What you will do: Would it be possible to quote, exactly and in full, the lines from the one with "Digital Ganesha idol" through the end of the entries below?

Data for review:
• • •

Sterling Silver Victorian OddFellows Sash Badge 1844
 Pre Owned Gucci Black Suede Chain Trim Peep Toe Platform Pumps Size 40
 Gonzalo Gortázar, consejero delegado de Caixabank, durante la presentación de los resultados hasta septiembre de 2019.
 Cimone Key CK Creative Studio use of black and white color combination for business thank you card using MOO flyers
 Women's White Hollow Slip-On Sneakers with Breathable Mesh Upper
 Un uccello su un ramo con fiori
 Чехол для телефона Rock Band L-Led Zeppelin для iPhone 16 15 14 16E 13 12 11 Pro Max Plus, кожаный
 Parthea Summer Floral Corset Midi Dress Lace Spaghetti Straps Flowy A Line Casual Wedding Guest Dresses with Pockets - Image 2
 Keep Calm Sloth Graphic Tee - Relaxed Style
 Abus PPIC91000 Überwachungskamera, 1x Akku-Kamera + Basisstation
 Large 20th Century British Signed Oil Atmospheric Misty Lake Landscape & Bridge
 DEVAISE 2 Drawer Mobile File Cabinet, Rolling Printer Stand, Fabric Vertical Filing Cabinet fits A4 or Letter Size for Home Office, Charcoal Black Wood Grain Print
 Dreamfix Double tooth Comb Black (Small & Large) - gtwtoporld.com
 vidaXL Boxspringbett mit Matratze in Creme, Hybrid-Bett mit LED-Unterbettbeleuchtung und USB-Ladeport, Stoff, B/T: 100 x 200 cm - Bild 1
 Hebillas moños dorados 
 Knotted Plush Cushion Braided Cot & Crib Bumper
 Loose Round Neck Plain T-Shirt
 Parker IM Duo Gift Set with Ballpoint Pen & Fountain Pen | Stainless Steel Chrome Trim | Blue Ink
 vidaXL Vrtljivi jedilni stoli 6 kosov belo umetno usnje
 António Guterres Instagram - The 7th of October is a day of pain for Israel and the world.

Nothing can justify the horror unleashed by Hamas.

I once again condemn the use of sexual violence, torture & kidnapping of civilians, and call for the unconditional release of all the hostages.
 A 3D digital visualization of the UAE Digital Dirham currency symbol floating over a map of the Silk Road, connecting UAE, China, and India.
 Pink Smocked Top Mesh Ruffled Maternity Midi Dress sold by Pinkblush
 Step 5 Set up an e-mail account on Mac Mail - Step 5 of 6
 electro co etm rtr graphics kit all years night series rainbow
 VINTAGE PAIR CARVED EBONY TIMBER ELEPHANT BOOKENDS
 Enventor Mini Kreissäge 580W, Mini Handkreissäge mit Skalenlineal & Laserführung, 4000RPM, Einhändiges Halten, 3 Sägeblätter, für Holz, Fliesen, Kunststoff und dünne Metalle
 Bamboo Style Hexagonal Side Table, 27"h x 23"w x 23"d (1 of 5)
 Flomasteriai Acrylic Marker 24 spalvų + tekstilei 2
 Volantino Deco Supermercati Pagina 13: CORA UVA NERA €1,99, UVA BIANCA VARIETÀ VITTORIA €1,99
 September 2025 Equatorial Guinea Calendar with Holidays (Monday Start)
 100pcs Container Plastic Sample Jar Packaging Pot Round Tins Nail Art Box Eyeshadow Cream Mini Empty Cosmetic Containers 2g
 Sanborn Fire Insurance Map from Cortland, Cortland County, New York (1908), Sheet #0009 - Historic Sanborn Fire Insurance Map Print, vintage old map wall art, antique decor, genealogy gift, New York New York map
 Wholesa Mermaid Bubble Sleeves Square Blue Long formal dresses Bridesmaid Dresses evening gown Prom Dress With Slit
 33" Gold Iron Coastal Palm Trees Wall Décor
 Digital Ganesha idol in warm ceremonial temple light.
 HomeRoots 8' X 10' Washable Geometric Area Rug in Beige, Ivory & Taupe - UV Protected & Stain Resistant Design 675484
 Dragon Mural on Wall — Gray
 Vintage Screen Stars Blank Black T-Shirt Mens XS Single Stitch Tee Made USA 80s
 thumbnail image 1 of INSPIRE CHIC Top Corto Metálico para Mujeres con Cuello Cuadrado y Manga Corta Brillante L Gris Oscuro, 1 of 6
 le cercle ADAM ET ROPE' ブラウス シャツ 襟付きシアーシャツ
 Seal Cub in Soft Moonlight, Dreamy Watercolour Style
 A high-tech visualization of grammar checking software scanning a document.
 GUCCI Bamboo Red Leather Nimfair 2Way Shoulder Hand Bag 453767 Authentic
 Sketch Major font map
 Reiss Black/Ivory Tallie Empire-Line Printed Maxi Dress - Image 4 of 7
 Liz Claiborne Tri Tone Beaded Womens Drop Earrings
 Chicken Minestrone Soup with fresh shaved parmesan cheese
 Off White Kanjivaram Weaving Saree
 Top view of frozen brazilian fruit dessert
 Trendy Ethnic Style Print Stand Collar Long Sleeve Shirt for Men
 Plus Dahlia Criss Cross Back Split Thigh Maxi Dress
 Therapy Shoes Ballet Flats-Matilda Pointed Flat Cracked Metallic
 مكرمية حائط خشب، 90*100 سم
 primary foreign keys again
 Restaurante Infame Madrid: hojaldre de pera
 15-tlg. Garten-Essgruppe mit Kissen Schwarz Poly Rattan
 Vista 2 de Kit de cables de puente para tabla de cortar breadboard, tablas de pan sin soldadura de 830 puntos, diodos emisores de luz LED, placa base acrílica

• • •

Result of the task:
 Digital Ganesha idol in warm ceremonial temple light.
 HomeRoots 8' X 10' Washable Geometric Area Rug in Beige, Ivory & Taupe - UV Protected & Stain Resistant Design 675484
 Dragon Mural on Wall — Gray
 Vintage Screen Stars Blank Black T-Shirt Mens XS Single Stitch Tee Made USA 80s
 thumbnail image 1 of INSPIRE CHIC Top Corto Metálico para Mujeres con Cuello Cuadrado y Manga Corta Brillante L Gris Oscuro, 1 of 6
 le cercle ADAM ET ROPE' ブラウス シャツ 襟付きシアーシャツ
 Seal Cub in Soft Moonlight, Dreamy Watercolour Style
 A high-tech visualization of grammar checking software scanning a document.
 GUCCI Bamboo Red Leather Nimfair 2Way Shoulder Hand Bag 453767 Authentic
 Sketch Major font map
 Reiss Black/Ivory Tallie Empire-Line Printed Maxi Dress - Image 4 of 7
 Liz Claiborne Tri Tone Beaded Womens Drop Earrings
 Chicken Minestrone Soup with fresh shaved parmesan cheese
 Off White Kanjivaram Weaving Saree
 Top view of frozen brazilian fruit dessert
 Trendy Ethnic Style Print Stand Collar Long Sleeve Shirt for Men
 Plus Dahlia Criss Cross Back Split Thigh Maxi Dress
 Therapy Shoes Ballet Flats-Matilda Pointed Flat Cracked Metallic
 مكرمية حائط خشب، 90*100 سم
 primary foreign keys again
 Restaurante Infame Madrid: hojaldre de pera
 15-tlg. Garten-Essgruppe mit Kissen Schwarz Poly Rattan
 Vista 2 de Kit de cables de puente para tabla de cortar breadboard, tablas de pan sin soldadura de 830 puntos, diodos emisores de luz LED, placa base acrílica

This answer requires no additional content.